Jorge Masetti narra entonces desde los huecos negros que
los cubanos, como pueblo perdido, jamás sospecharíamos de no ser por obras así.
Aquí oímos la cháchara del poder a perpetuidad. Espiamos los parlamentos de
pasillos de los ministros del mal, que administran la muerte masiva a voluntad.

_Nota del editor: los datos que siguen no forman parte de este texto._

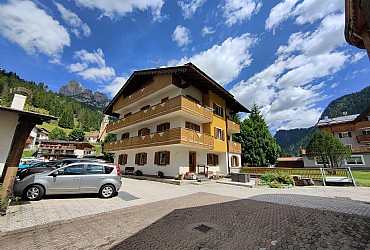 Appartamento a San Giovanni di Fassa - Pera - Estate - ID foto 3575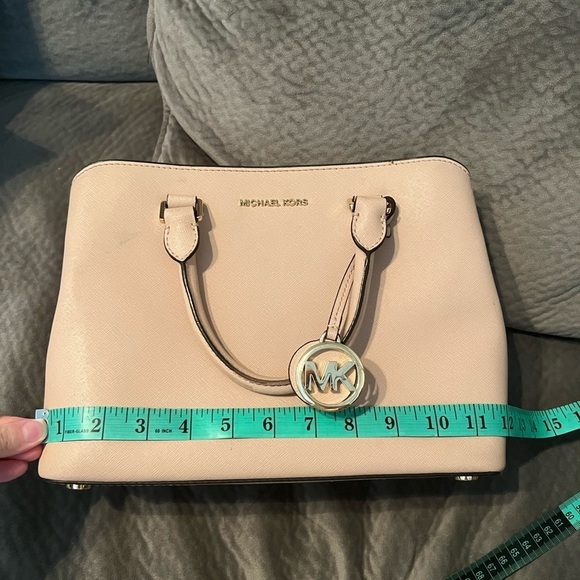 Michael Kors purse - Picture 10 of 10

Intuimos la inteligencia insidiosa, que traza el teatro de títeres que es nuestra
biografía de ciudadanos de atrezo, tétricos. Nos damos cuenta de incontables cosas
con “El furor y el delirio” y sus anagnórisis agónicas. Cosas literariamente
incontables.
He aquí, por fin, la voz privada de la nación, su novela
invivible, su quejido de cadáver íntimo e intimidante. Y gracias a este género
entendemos, mucho más que su autor (que sólo cree haber hecho catarsis), que
los cubanos que seguimos vivos seremos siempre cómplices o culpables, porque en
algún punto muerto de nuestras vidas hemos sido perdonados por la Seguridad del
Estado.
En más de un sentido, y de esto Jorge Masetti sí se da
cuenta perfectamente, quien sobrevive es un traidor. Sus opciones son simples ahora
(tal vez él ya eligió en estos 15 años de retardo en mi relectura): la locura o
la santidad.
Después de la Revolución cubana, la muerte volverá a no
tener ningún significado. El castrismo tiene, pues, un rol que cumplir a
perpetuidad: dosificar el mal que los hombres le hacemos de gratis a los otros hombres
y, de ser posible, precipitar la mano maléfica de dios, su furia deleznable para
con quienes estamos aún vivos en tanto enemigos entremezclados.